With Myanmar lying right on the other side of Thaungyin river, the town of Mae Sot in Thailand serves as one of the primary gateways for trade with Myanmar.
Border crossing from Mae Sot to Myawaddy
Crossing through the Friendship bridge was an experience by its own. The first thing that struck us as odd, were the Burmese children begging on the bridge between the two countries.
Just in the middle of the bridge, there was a lane switch for cars (traffic in Myanmar is right-handed, while Thailand is left-handed). So we stopped for a while just to see a car doing a lane-switching to the opposite side in action, not an everyday sight. It’s also worthy to note that although they drive on different sides on either end of the bridge, most of the vehicles crossing through were right-hand-drives, presumably originating from Thailand. The drivers we saw crossing all appeared to be unfazed by this uncommon traffic situation and were switching skillfully like it’s their regular daily commute.
At the end of the bridge is the Myanmar border-control. After a perfunctory passport check, we were officially inside Myanmar.
Walking into Myanmar
After crossing the Thai-Myanmar Friendship bridge and the Myanmar border station, culture shock instantly kicked in.
The difference was conspicuous. The dresses, the cars, the faces. The betel painted teeth behind the smiles. Uncertainty and maybe mild fear in the eyes.
There was something in the air, a burning sensation, as our perception of passing time switched to a faster pace.
Still right by to the border station in Myawaddy, a swarm of taxi drivers were bombarding us with offers.
We had to find a way to get to Hpa-an, the first town with a hotel where foreigners are allowed to stay (we have booked our stay in Galaxy Motel). When it comes to accommodation, there is no option B when you are in Myanmar, unless you can arrange to stay in a Buddhist monastery. By law, there are only a handful of hotels or motels in bigger towns and cities where foreigners are allowed to stay.

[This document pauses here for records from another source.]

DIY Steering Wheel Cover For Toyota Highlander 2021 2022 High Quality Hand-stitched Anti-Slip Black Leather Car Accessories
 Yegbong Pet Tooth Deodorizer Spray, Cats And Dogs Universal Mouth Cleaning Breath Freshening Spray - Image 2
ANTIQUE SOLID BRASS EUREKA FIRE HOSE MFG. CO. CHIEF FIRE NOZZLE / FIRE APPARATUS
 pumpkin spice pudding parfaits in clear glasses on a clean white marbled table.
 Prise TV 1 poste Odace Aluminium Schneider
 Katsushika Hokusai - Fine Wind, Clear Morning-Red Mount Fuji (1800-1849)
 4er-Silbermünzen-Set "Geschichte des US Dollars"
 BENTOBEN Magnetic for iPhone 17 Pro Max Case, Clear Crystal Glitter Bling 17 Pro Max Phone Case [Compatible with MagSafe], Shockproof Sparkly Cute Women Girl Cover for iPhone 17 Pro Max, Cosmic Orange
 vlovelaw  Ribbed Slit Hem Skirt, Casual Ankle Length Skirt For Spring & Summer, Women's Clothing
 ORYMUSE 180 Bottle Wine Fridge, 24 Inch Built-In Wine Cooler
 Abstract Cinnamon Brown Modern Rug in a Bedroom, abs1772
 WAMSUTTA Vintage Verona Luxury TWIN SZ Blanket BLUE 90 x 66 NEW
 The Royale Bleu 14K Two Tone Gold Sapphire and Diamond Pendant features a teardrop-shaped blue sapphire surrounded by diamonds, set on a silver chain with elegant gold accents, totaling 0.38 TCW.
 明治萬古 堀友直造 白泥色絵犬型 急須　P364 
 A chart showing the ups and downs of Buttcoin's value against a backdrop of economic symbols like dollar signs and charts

There was no public bus between Myawaddy and Hpa-an, so our only options were minibus, or taxi – and by taxi it should be understood as a random person’s 4-seated sedan, filled with 6 or more other passengers.
Traveling from Myawaddy to Hpa-an
After intense bargaining with the ferocious drivers, we took a reasonable offer from a taxi driver called Mr Beauty.
We were told that our ‘minibus’ would leave within half an hour, after we had arranged the payment. But just about ten minutes later, we were told to get in a taxi, which would take us to an intersection where we can then get on our minibus. We had no choice but to obediently follow the instructions.
At the intersection we were told to get off and wait for the minibus. Well, the minibus turned out to be an old, trashy tiny sedan instead, whose make was difficult to tell, with 5 locals crammed into it already. We then barely managed to squeeze ourselves into the very back seats (clearly not designed for passengers) with our backpacks.
Not too long after we finally set off from the intersection, our twenty-few-year-old or teenage driver decided to suddenly stop and buy a yellow flower garland from a street vendor, and then hanged it on the rear-view mirror before rashly but piously making a blessing. He then prepared his pack of betel and started chewing it before we continued our journey.
Our initial flippant excitement of entering a new country had by then given way to a sense of insecurity and a realization of the gravity of our situation.
Our travel companions were curiously gazing at us from time to time with a wide smile, but in the absence of a common language spoken, spoken conversation wasn’t an option.